KUALA LUMPUR, Aug 2 — As the government’s top legal adviser, the Attorney General (AG) has a duty to remain impartial at all times, former office-bearer Tan Sri Abu Talib Othman said.
Abu Talib was weighing in on the criticism against incumbent AG Tan Sri Idrus Harun in the current controversy surrounding the revocation of the Emergency Ordinances (EO).
He said Idrus must uphold the rule of confidentiality in his role and not reveal correspondents between the government and Istana Negara, even if he pressed into providing information by certain quarters under the pretence of seeking an explanation, Malay daily Utusan Malaysia reported today.

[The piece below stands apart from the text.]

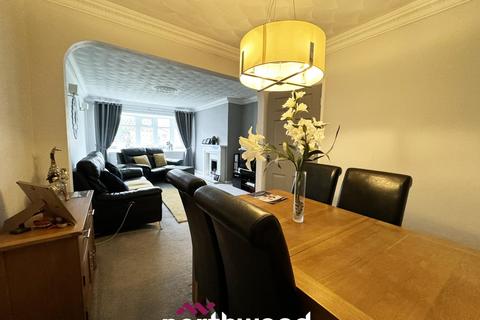 32 Newfields Avenue, Moorends, Doncaster, DN8 4SA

“The AG is subject to the rule of law, and also has to maintain what happened between the Yang di-Pertuan Agong and the government as a secret as these are official matters. So it is unreasonable for him to be exposing the discussions held between both sides.
“Besides that, an impartial approach must be taken by the AG when upholding the law including issues that require him to advise the Yang di-Pertuan Agong,” Abu Talib was quoted as saying.
He added that anyone unhappy with the proclamation of Emergency or its accompanying EOs have the right to take the matter up with the Federal Court to obtain their interpretation.
“There is no one that can stop the matter from being brought to the Federal Court. Whether it (the revocation) was wrong or not, a decision (by the court) can then be made,” he was quoted saying.
Utusan Malaysia also reported another former AG Tan Sri Abdul Gani Patail saying it would beunreasonable for anyone to assume that Idrus was partial towards the government concerning matters surrounding the renovation of the EOs.
“(We) cannot just put all the blame on the AG. Someone who is appointed knows what they are doing.
“It all depends on whether the advice of the AG is followed or not once he has expressed his views,” Abdul Gani was quoted saying.
The palace issued a statement last week conveying Yang di-Pertuan Agong Al-Sultan Abdullah Ri’ayatuddin Al-Mustafa Billah Shah’s disappointment with the government’s announcement in Parliament revoking six EOs on July 21 before they were tabled and debated as he had previously decreed.
The King clarified that he had yet to assent to the revocation, plunging Parliament into a tumult as Opposition MPs questioned the government on the quiet revocation.